The lie’s the story

I wish to comment on the reaction of Fair Lawn High School to Bethany Koval and her computer account (“Bullying? Freedom of speech? And who’s Jewish?” and “An Israeli Jew?” January 15).

First of all, as offensive as the views expressed, the high school overreacted. Ms. Koval is free to friend or unfriend anyone in her computer circle. Any action by the high school infringes on her right of free speech and her right to associate with anyone she wants. There is no threat to either attack or harass anyone. All these actions did was to give attention to someone who deserves to be ignored.

Secondly, the best way to contest offensive speech is free speech itself.

By presenting herself with a Jewish and Israeli background when she clearly has neither, she is a liar who has no credibility whatsoever. This should have been the story, not some farfetched allegation of bullying.

Alan Mark Levin
Fair Lawn

What’s with the Times?

Your editorial on the alleged bullying by a Fair Lawn high school student, as well as your feature article about the incident, were insightful and informative — except for one thing.

Why didn’t you or your reporter contact the New York Times seeking comment on, or justification for, that newspaper’s careless publication of misrepresentations — or downright fabrications — regarding the facts and circumstances of this story?

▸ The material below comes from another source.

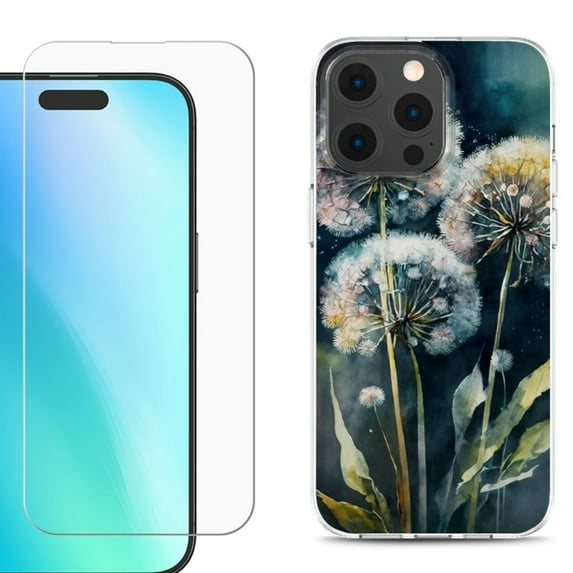 For iPhone 16 Pro Phone Case Cover, Shockproof Case with Tempered Glass Screen Protector, by OneToughShield - Dandelion Color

Not that I would expect the Times to acknowledge its hypocrisy and lack of journalistic integrity in this matter, but they should at least be put on the record and quoted as to why they wrote what they did. You suggest that it’s because they accepted the student’s word that she is “an Israeli Jew.” If so, that is journalistic malpractice. But I think it was also because the implied slant of the Times story — namely that an anti-Israel opinion was being suppressed or intimidated by pro-Israel elements in the community, more closely fits the Times’ own negative narrative toward Israel.